Decorators don't exactly offer us line-by-line control the way that injecting printfs into the code does, but they do allow us to shift logic away from the business function by writing functions that return functions.

A classic example in Python is an entry-exit decorator that allows us to trace function execution:

def entex (func):
    def wrapped_func (*args, **kwargs):
        print ("Entering " + func.__name__)
        res = func (*args, **kwargs)
        print ("Exited " + func__name__)

        return res

    return wrapped_func

(There are a lot of times such a function could be helpful. In my previous work, we spent a lot of time working on syntax trees--at least of a sort--that were pretty complicated. Being able to trace snippets after the fact would have been pretty helpful, since stepping through a hundred functions was a bit of a pain. Post-mortem analysis was usually easier.)

Now then:

def hello_world (name):
    print ("Hello, " + name)

is about the simplest function you can write in Python. Let's instrument the entry and exit points:

@ent_ex
def hello_world (name):
    print ("Hello, " + name)

>>> hello_world("Ethan")
Entering hello_world
Hello, Ethan
Exited hello_world

The @ent_ex prefix is the Python decorator syntax, which is just a bit of sugar for hello_world = entex (hello_world). It's a boring decorator of course, but we can imagine there are other cases that could be more interesting. It's a bit unpythonic, but we could imagine imposing strict type checking:

@expects(str)
def hello_world (name):
    print ("Hello, " + name)

>>> hello_world(1)
<type 'int'> argument should be a <type 'str'>

This can be accomplished with a little wizardry:

def expects (*types):
    def wrap (func):
        def wrapped_func (*args, **kwargs):
            for arg, typ in zip(args, types):
              if type(arg) is not typ:
                 print (str(type(arg)) + " argument should be a " + str(typ))
                 return False

              else:
                 return func (*args, **kwargs)

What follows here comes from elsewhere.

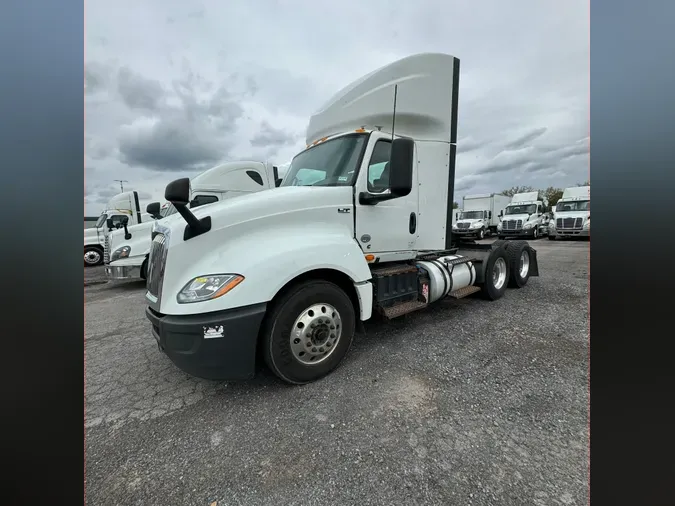 2019 NAVISTAR INTERNATIONAL LT625 DAYCAB T/A96f2bfcaab82d7ab6be1c887414ca87b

        return wrapped_func

     return wrap

This is a little more complicated than the first example because the decorator function takes arguments. In this case, we need to have an enclosing scope to hold the arguments to the decorator prior to wrapping the function passed to it.

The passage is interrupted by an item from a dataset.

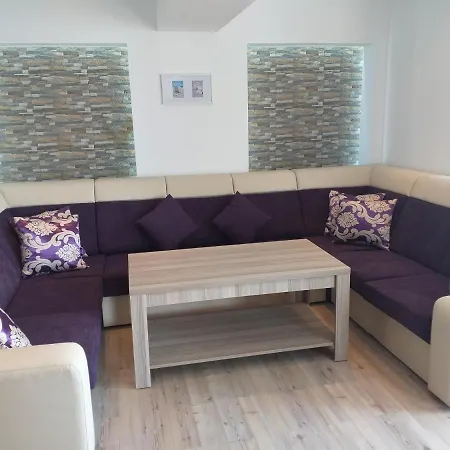 Elena's Terrace Apartament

Naturally, decorators can be composed:

@entex
@expects(str)
def hello_world(name):
    print ("Hello, " + name)

This gets a little ugly, which any Pythonista will tell you:

Entering wrapped_func
Hello, Ethan
Exited wrapped_func

What we'd like, of course, is for entex to work on hello_world, but it instead applies to the expects function. There is a module, functools, that includes a decorator for just this purpose (wraps). Functools is super helpful and has a lot of utility (partial is really handy for IronPython event handling). Read the documentation for more, but here is a quick and dirty illustration:

from functools import wraps

def entex(func):
    @wraps(func)
    def wrapped_func (*args, **kwargs):
        print ("Entering " + func.__name__)
        res = func (*args, **kwargs)
        print ("Exited " + func.__name__)
        return res

    return wrapped_func

def expects (*types):
    def wrap (func):
        @wraps(func)
        def wrapped_func (*args, **kwargs):
            for arg, typ in zip(args, types):
                if type(arg) is not typ:
                    print (str(type(arg)) + " argument should be a " + str(typ))
                    return False

            res = func (*args, **kwargs)

            return res
        return wrapped_func

    return wrap

@entex
@expects(str)
def hello_world(name):
    print("Hello, " + name)

if __name__ == '__main__':
    hello_world ("Ethan")
    hello_world (1)

Entering hello_world
Hello, Ethan
Exited hello_world
Entering hello_world
<type 'int'> argument should be a <type 'str'>
Exited hello_world

As with any conversation about decorators, there's a lot left unsaid here. The idea of modifying function behavior is quite powerful: it allows us to extend the concept of decoupling components to decoupling functional logic. Code becomes a bit tidier and easier to read, which is never a bad thing, and it also frees developers to think more concisely about The Problem At Hand without being distracted by infrastructural concerns from the outset.